This describes a basic IBD analysis of whole genome sequence data using hmmIBD. It assumes you already have a C compiler and Python installed.
The data
We can download sample Pf3k data from PGEforge data folder. For this demo, we will download the Vietnam data from the WGS directory. Let’s download two files - SNP_INDEL_Pf3D7_ALL_v3.combined.filtered.vqslod6.biallelic_snp.Vietnam.vcf.gz and pf3k.metadata.Vietnam.csv - into a data subdirectory of our current working directory.
Based on the ‘fws’ values in pf3k.metadata.Vietnam.csv, we can create a list of probable monogenomic samples and put it in a file named mono_samples.txt. For this exercise, we can assume that any sample with fws > 0.95 is monogenomic and make a list of them in the file data/mono_samples.txt, one sample name per line.
Analysis
Assuming we have downloaded the hmmIBD package and have hmmIBD.c, vcf2hmm.py, and thin_sites.py in our current working directory, we start the analysis. First, we compile the C code:
cc -o hmmIBD -O3 -lm -Wall hmmIBD.c
This should compile (possibly with an unimportant warning about an unused variable).
Then we can use one of the Python scripts to extract data from the VCF file and look at the variants. The -s argument tells the script to pay attention only to the monogenomic samples we have listed in our file.
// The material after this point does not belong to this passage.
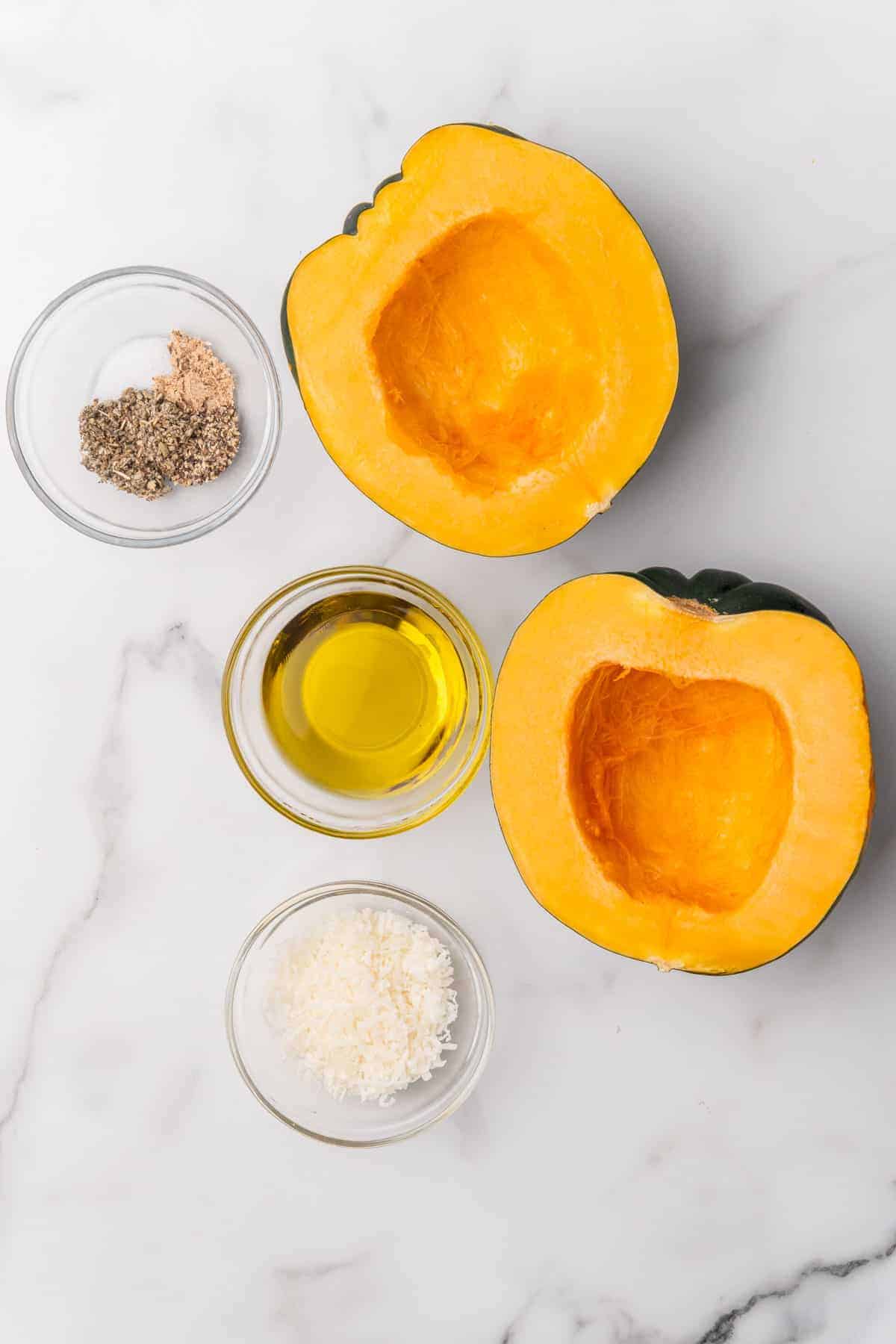 Ingredients for recipe in separate bowls and ramekins as seen from above on a white marble surface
vcf2hmm.py data/SNP_INDEL_Pf3D7_ALL_v3.combined.filtered.vqslod6.biallelic_snp.Vietnam.vcf.gz vietnam -s data/mono_samples.txt
This prints out the following:
Sample source: data/mono_samples.txt
SNP source: all
samples: 97, of which 71 were kept
chromosome Pf3D7_01_v3 maps to 1
chromosome Pf3D7_02_v3 maps to 2
chromosome Pf3D7_03_v3 maps to 3
chromosome Pf3D7_04_v3 maps to 4
chromosome Pf3D7_05_v3 maps to 5
chromosome Pf3D7_06_v3 maps to 6
chromosome Pf3D7_07_v3 maps to 7
chromosome Pf3D7_08_v3 maps to 8
chromosome Pf3D7_09_v3 maps to 9
chromosome Pf3D7_10_v3 maps to 10
chromosome Pf3D7_11_v3 maps to 11
chromosome Pf3D7_12_v3 maps to 12
chromosome Pf3D7_13_v3 maps to 13
chromosome Pf3D7_14_v3 maps to 14
N indels killed 0
N failed/passed filter 0 247496
N dropped for low call rate 1092
N dropped for low minor allele freq 0Here the ‘maps to’ lines show what integer is being assigned to each chromosome. The script also produces the files vietnam_seq.txt, vietnam_freq.txt, and vietnam_allele.txt.
Examination of vietnam_freq.seq file shows that there are hundreds of thousands of variants but that most of them are monomorphic, meaning that it is a good idea to thin these sites. This we can do using the vietnam_freq.txt file as follows:
thin_sites.py vietnam_freq.txt vietnam_thin_sites.txt
which produces a list in the file vietnam_thin_sites.txt of the sites (~20,000) to keep.
We can now re-extract the sequence data for just these sites, with the samples still restricted to the monogenomic samples:
vcf2hmm.py data/SNP_INDEL_Pf3D7_ALL_v3.combined.filtered.vqslod6.biallelic_snp.Vietnam.vcf.gz vietnam_thinned -s data/mono_samples.txt -l vietnam_thin_sites.txt
This produces a final vietnam_thinned_seq.txt file with the genotype data to feed into hmmIBD. We can now run the program:
hmmIBD -i vietnam_thinned_seq.txt -o vietnam
The output should appear in the files vietnam.hmm.txt and vietnam.hmm_fract.txt.